Abstract

In this paper we first show how the exact distributions of the most common likelihood ratio test (l.r.t.) statistics, that is, the ones used to test the independence of several sets of variables, the equality of several variance-covariance matrices, sphericity, and the equality of several mean vectors, may be expressed as the distribution of the product of independent Beta random variables or the product of a given number of independent random variables whose logarithm has a Gamma distribution times a given number of independent Beta random variables. Then, we show how near-exact distributions for the logarithms of these statistics may be expressed as Generalized Near-Integer Gamma distributions or mixtures of these distributions, whose rate parameters associated with the integer shape parameters, for samples of size n, all have the form (n−j)/n for j=2,…,p, where for three of the statistics, p is the number of variables involved, while for the other one, it is the sum of the number of variables involved and the number of mean vectors being tested.

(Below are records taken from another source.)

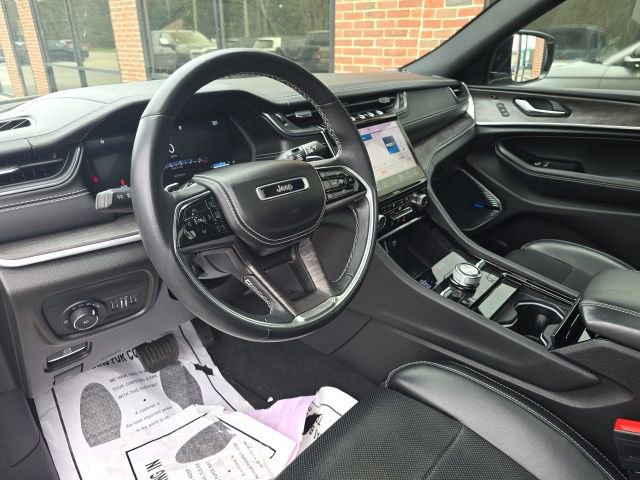 Used 2022 Jeep Grand Cherokee Overland w/ Luxury Tech Group IV AWD/4WD image 20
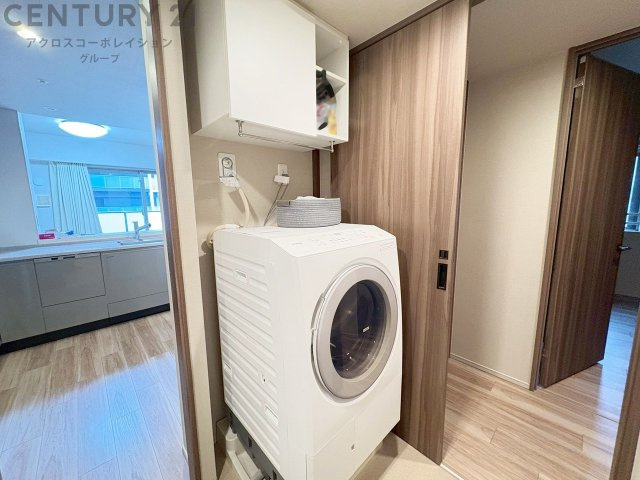 洗濯物の仕分け作業がしやすく、整理整頓が容易になります。洗濯音や湿気を他の部屋に持ち込まず、生活環境を快適に保ちます。上部を活用すれば収納スペースを確保でき洗剤や洗濯用品の整理もしやすくなります。　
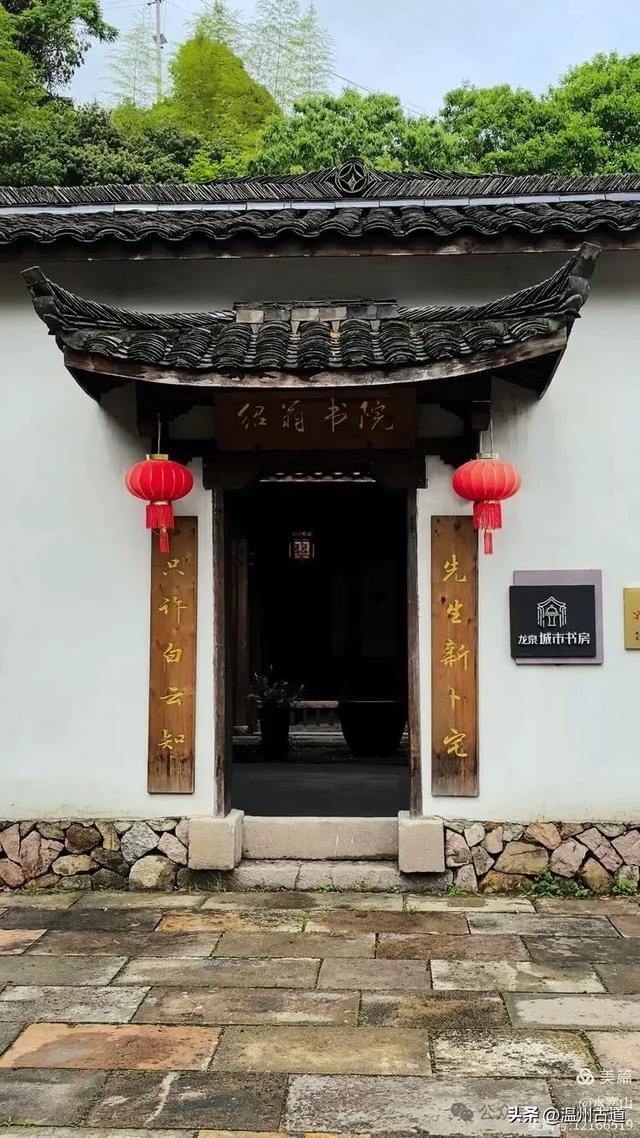 一枝红杏出墙来！探秘叶绍翁故居，世外桃源般的古村落！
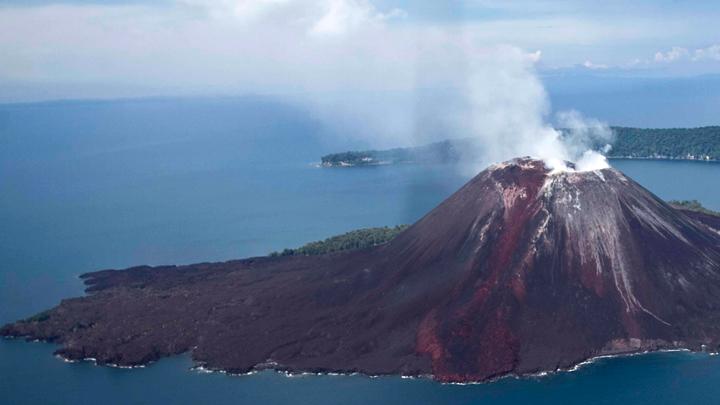 6 Gunung Berapi Indonesia Sedang Terbangun Dari Tidurnya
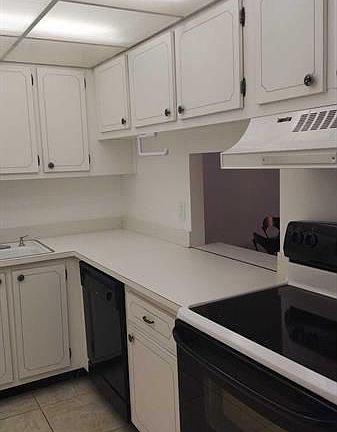 4th image of 500 Executive Center Dr APT 5C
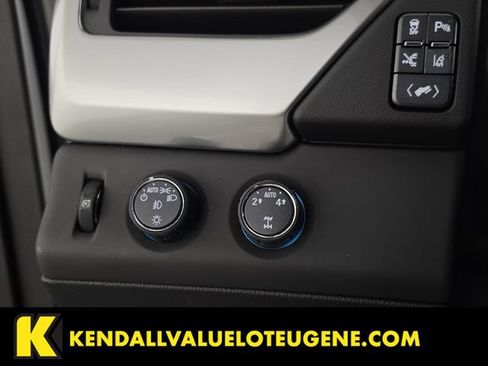 Used 2015 Chevrolet Tahoe LTZ AWD/4WD image 17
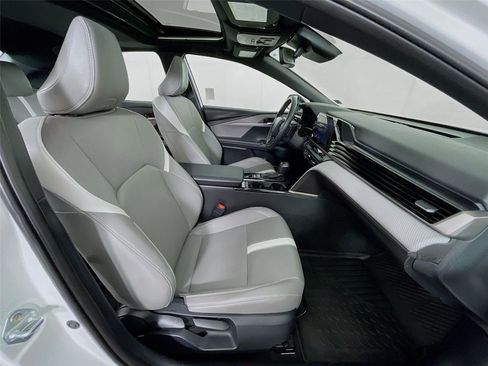 Used 2025 Toyota Camry SE w/ Convenience Package image 31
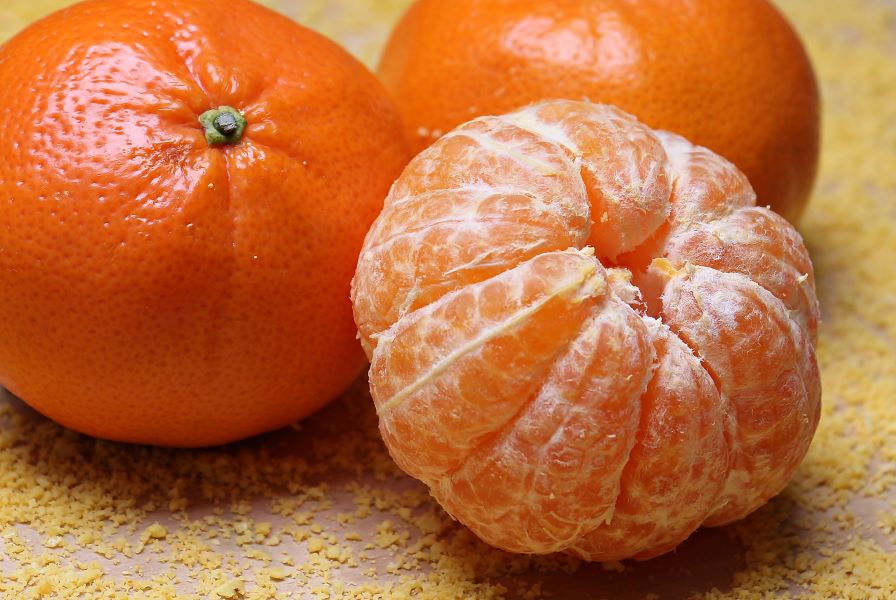 Subscription Seasonal Citrus  - Medium Box (approximately 20 fruits, size varies)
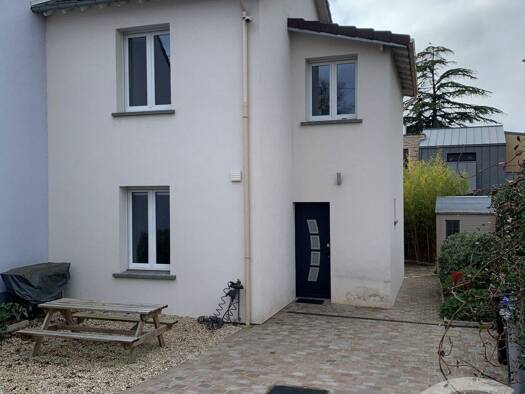 Maison à louer 1 650 € 5 pièces 3 chambres 82,7 m² 221 m² de terrain Cormeilles-en-Parisis 95240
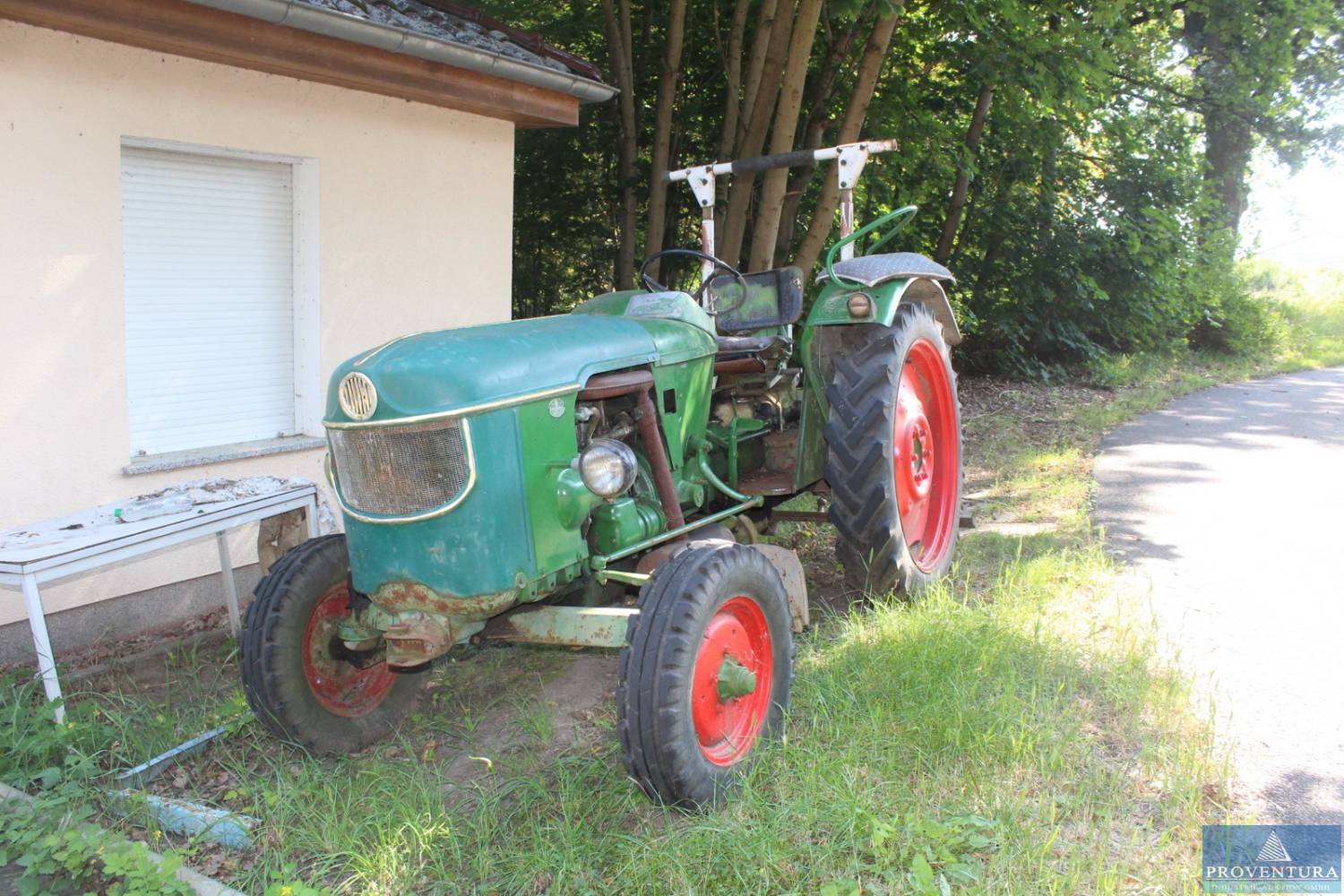 You are currently viewing Nachlassversteigerung 125 Pos. u.a. DEUTZ D40, Motorrad-Hebebühne, Spenglerwerkzeuge, Militaria NVA – Sowjetunion, Hausrat, etc. – Raum 14913 Jüterbog – 22.08.2024 – 11:00:00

What is interesting is that the similarities exhibited by these statistics are even more striking in terms of near-exact distributions than in terms of exact distributions. Moreover all the l.r.t. statistics that may be built as products of these basic statistics also inherit a similar structure for their near-exact distributions. To illustrate this fact, an application is made to the l.r.t. statistic to test the equality of several multivariate Normal distributions.